* [INSTRUCTIONS TO FOLLOW]: In this exercise, the entries below include pictures. Repeat exactly the lines from the line with "Bursa Orhaneli Süleymanbey" to the line with "5. Tầm quan", including both, but without the pictures.
--- INFORMATION PROVIDED ---
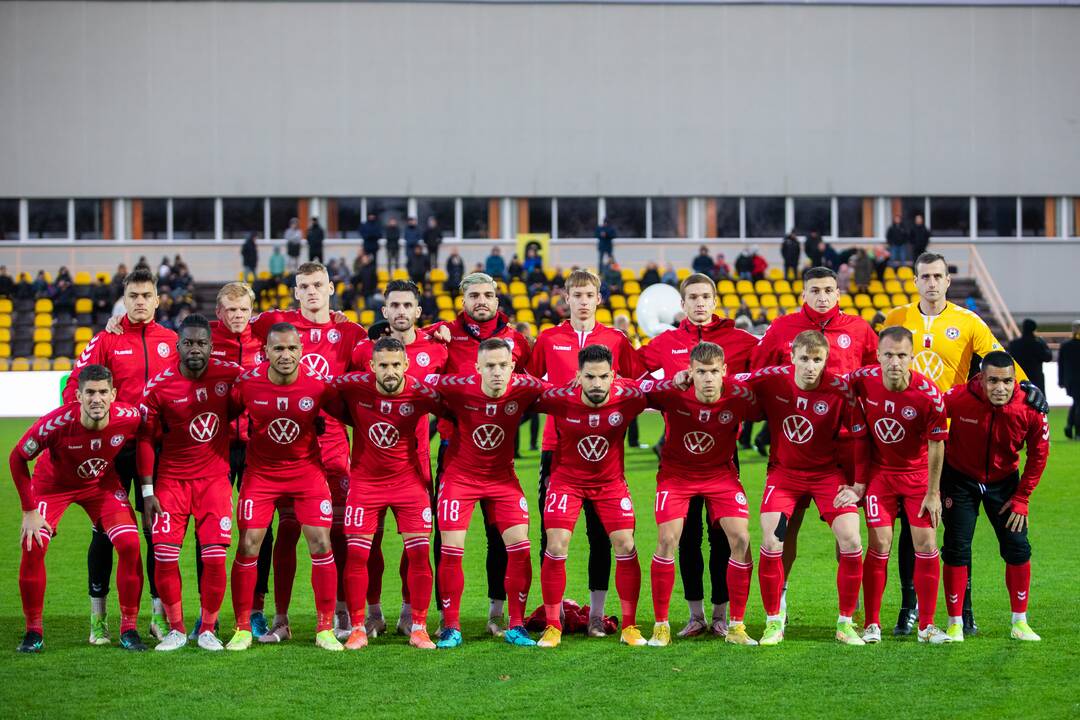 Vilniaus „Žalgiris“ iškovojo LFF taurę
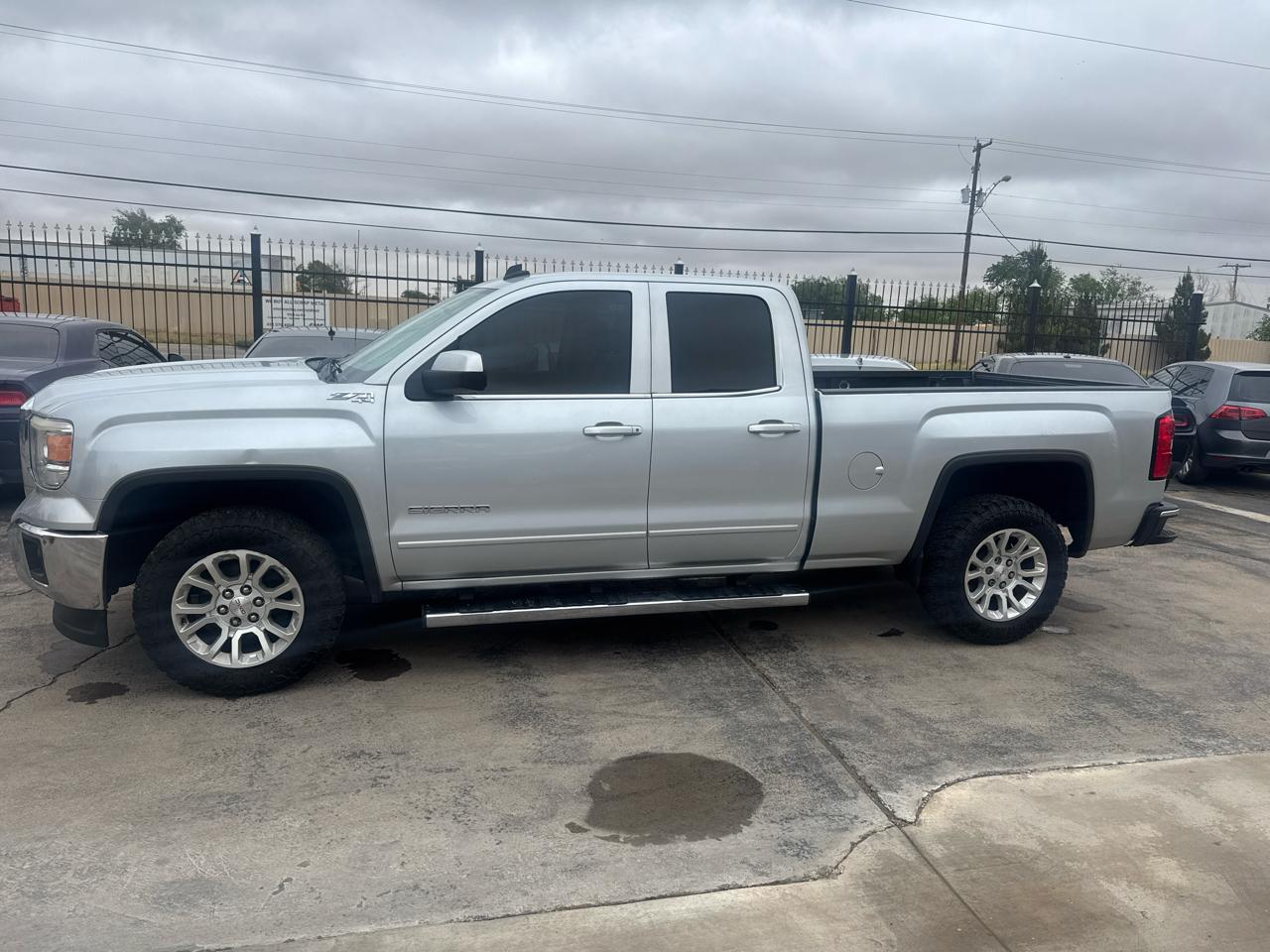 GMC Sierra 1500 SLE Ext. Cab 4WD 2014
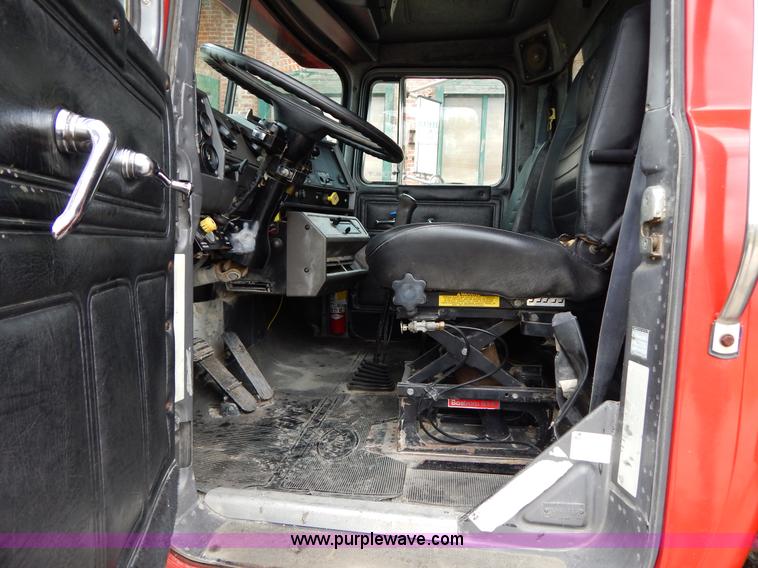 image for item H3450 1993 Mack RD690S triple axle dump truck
---
--- INFORMATION PROVIDED ---
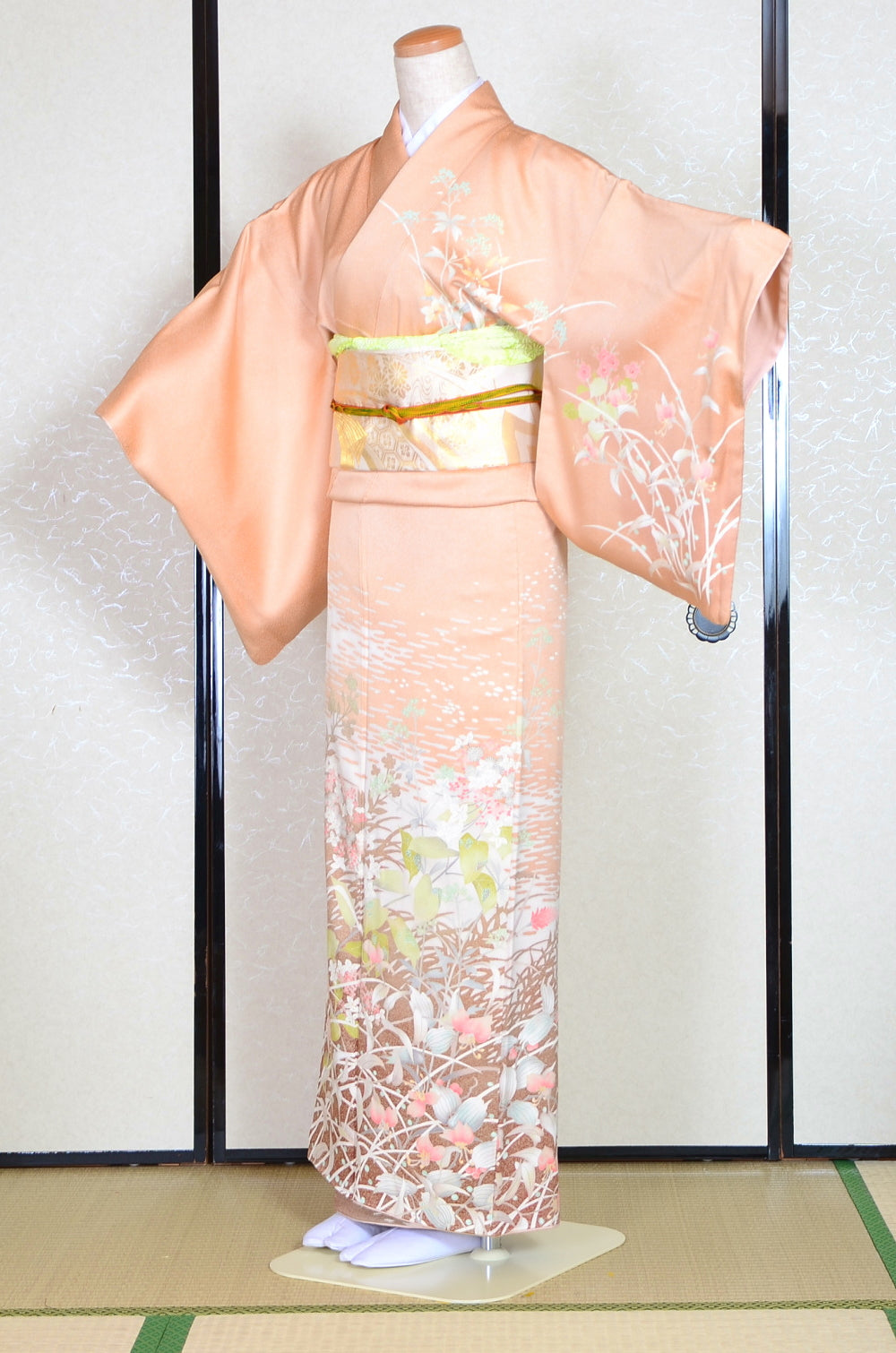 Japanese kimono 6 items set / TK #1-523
---
--- INFORMATION PROVIDED ---
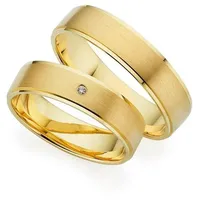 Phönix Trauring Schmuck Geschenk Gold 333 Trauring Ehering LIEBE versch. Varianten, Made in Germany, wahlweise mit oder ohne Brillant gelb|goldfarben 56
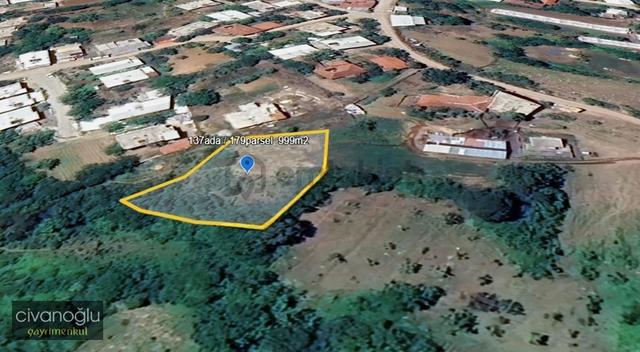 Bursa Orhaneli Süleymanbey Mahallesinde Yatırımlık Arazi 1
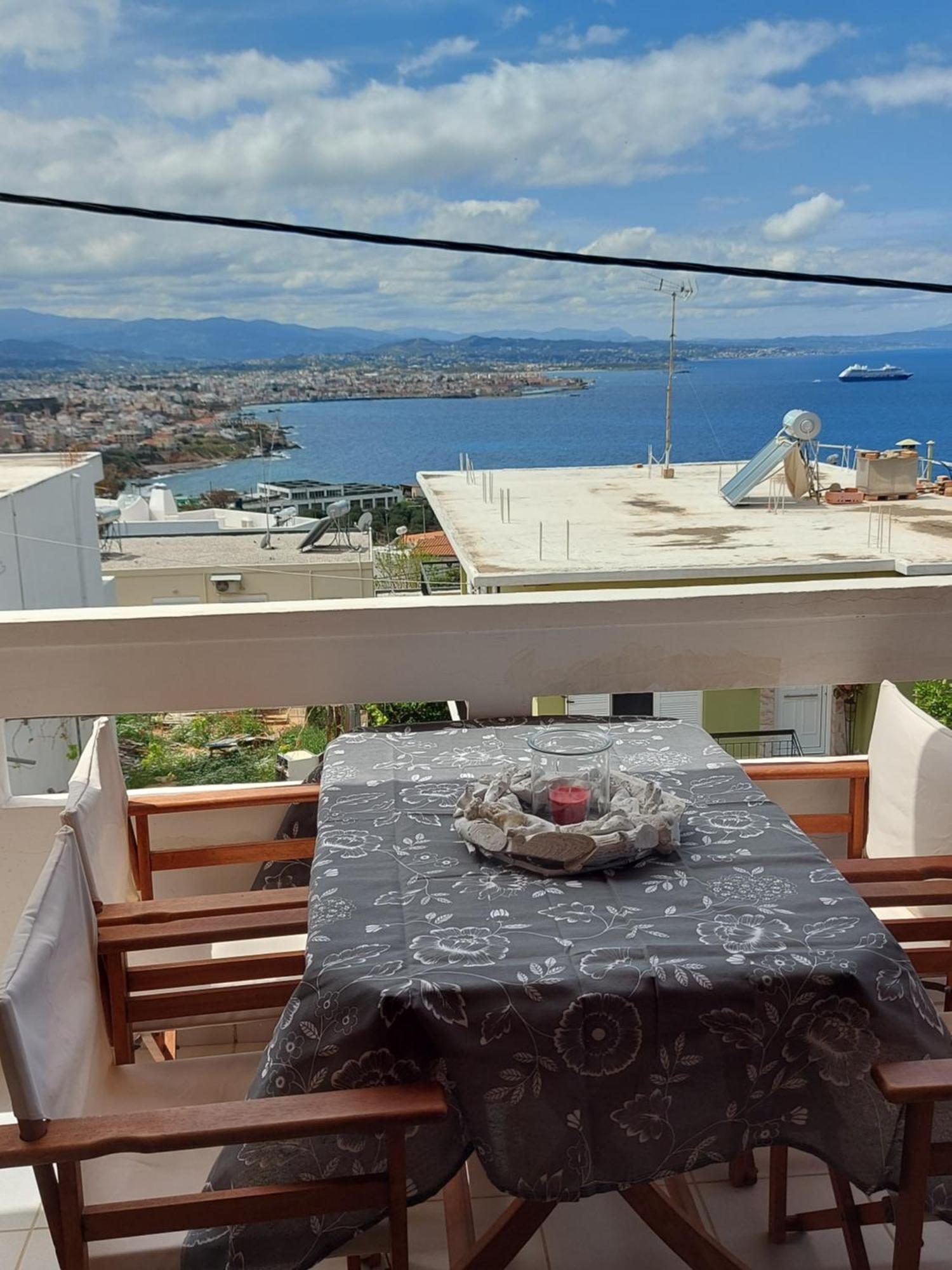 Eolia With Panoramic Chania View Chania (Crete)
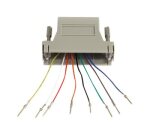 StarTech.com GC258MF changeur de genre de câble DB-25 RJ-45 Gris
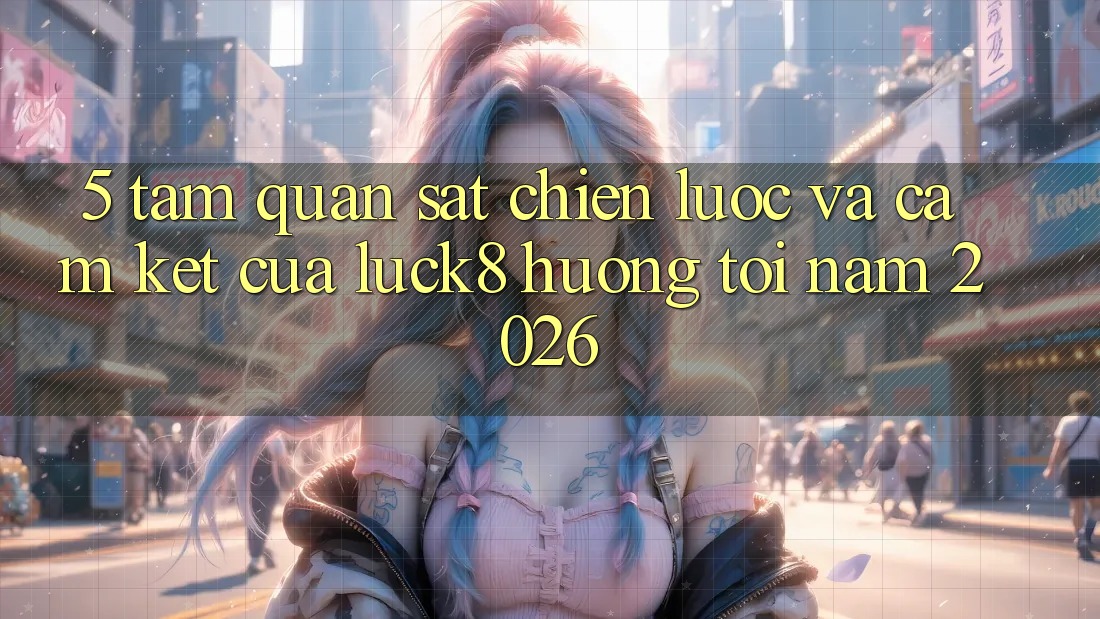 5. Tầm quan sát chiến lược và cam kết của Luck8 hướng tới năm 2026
---
* [OUTPUT OF THE EXERCISE]:
 Bursa Orhaneli Süleymanbey Mahallesinde Yatırımlık Arazi 1
 Eolia With Panoramic Chania View Chania (Crete)
 StarTech.com GC258MF changeur de genre de câble DB-25 RJ-45 Gris
 5. Tầm quan sát chiến lược và cam kết của Luck8 hướng tới năm 2026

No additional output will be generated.